Introduction

Le 26 juillet 2017, la Cour suprême du Canada (« CSC ») a rendu sa décision dans deux pourvois connexes, Clyde River (Hameau) c. Petroleum Geo Services Inc., 2017 CSC 40 (« Clyde River ») et Chippewas of the Thames First Nation c. Pipelines Enbridge inc., 2017 CSC 41 (« Chippewas »). Le plus haut tribunal du pays a conclu que l'Office national de l'énergie (« ONÉ ») avait le mandat, aux termes de la loi, de mener des consultations au sens qu'en donne l'arrêt Haïda et que la Couronne pouvait s'en remettre au processus de consultation de l'ONÉ pour satisfaire, en tout ou en partie, à l'obligation de consulter qui lui incombe. 

Contexte

Les décisions de la CSC découlent de deux autorisations données par l'ONÉ. Dans la première, l'ONÉ avait permis à TGS-NOPEC Geophysical Company (« TGS  ») de procéder à des essais sismiques extracôtiers dans la baie de Baffin et le détroit de Davis. Dans la seconde, l'ONÉ avait fait droit à une demande présentée par Enbridge, aux termes de l'article 58 de la Loi sur l'Office national de l'énergie, en vue d'inverser le sens de l'écoulement du pétrole dans une portion de sa canalisation 9 entre North Westover et Montréal.

Alléguant que la Couronne ne s'était pas acquittée de son obligation de consultation, Clyde River a déposé une demande de contrôle judiciaire de la décision de l'ONÉ d'accorder cette autorisation. De même, les Chippewas de la Thames ont interjeté appel de la décision de l'ONÉ de faire droit à la demande d'Enbridge en faisant valoir que la Couronne ne s'était pas acquittée de son obligation de consultation.

Cour d'appel fédérale

Dans les deux cas, un appel a été interjeté devant la Cour d'appel fédérale. Pour de plus amples renseignements au sujet des décisions rendues par cette Cour à cet égard, veuillez consulter notre  bulletin.

Dans l'affaire Hameau de Clyde River, la Cour d'appel fédérale a conclu que l'ONE avait pour mission, aux termes de la loi, de procéder à des consultations selon les principes énoncés dans les arrêts Rio Tinto et Taku River et que le processus consultatif mené par l'ONÉ était, en l'espèce, suffisant pour permettre à la Couronne de s'acquitter de son obligation de consulter. 

Dans l'affaire Première nation des Chippewas de la Thames¸ la Cour d'appel fédérale a conclu à la majorité que l'ONÉ n'avait pas le mandat d'évaluer si l'obligation de consulter avait été déclenchée et s'il avait satisfait à cette obligation avant de se pencher sur une demande relative à un projet.

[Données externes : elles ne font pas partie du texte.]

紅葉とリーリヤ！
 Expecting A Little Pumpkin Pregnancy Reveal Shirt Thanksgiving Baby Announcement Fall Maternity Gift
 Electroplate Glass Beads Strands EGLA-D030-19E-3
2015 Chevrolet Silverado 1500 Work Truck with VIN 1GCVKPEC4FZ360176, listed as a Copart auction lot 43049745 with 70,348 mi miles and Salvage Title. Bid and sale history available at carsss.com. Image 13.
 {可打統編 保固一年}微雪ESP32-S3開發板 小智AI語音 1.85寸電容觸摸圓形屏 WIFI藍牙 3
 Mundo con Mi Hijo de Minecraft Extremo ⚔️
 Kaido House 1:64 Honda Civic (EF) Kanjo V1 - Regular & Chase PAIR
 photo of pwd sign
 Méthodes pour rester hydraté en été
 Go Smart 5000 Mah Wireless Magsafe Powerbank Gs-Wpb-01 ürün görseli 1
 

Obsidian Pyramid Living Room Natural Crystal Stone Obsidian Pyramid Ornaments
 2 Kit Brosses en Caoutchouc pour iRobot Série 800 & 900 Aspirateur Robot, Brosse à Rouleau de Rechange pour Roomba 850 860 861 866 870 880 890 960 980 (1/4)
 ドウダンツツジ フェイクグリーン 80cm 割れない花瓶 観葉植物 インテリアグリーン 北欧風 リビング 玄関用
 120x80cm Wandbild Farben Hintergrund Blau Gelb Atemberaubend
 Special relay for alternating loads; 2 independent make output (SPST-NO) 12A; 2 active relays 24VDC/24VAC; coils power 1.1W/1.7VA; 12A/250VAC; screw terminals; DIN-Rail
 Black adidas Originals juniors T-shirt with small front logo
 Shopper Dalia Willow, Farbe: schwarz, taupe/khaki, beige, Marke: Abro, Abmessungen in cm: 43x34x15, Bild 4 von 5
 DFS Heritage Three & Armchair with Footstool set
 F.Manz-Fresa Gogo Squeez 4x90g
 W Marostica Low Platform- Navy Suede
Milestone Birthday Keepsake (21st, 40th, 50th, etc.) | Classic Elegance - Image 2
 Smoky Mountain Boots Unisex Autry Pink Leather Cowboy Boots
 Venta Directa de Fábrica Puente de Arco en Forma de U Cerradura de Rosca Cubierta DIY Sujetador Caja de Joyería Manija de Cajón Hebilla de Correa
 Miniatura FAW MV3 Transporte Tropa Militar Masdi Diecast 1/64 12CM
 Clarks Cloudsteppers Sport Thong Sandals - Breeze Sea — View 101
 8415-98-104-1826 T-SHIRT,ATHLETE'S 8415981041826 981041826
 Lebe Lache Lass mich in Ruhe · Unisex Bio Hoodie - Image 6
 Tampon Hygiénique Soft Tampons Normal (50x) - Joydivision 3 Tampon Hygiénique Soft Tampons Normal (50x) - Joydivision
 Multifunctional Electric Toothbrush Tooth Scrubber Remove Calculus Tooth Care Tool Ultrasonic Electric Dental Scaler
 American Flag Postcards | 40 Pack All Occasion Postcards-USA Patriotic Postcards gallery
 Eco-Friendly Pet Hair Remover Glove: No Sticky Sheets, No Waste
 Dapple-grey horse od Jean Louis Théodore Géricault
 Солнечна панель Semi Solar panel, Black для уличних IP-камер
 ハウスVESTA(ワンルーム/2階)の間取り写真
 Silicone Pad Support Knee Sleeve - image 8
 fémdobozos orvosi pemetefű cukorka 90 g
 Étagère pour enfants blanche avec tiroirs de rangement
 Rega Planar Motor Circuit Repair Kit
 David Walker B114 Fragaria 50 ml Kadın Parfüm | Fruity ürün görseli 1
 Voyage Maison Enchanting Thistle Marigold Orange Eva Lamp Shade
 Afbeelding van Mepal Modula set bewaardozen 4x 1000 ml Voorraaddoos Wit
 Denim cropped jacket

Le juge dissident s'est cependant déclaré d'avis que l'ONÉ était tenu, avant de délivrer une autorisation, de déterminer si la consultation avait été adéquate. À l'unanimité, la Cour a convenu du fait que l'ONÉ n'avait ni l'obligation ni le pouvoir de procéder à la consultation et qu'il était dans les faits impossible pour l'ONÉ de s'acquitter de l'obligation de consulter.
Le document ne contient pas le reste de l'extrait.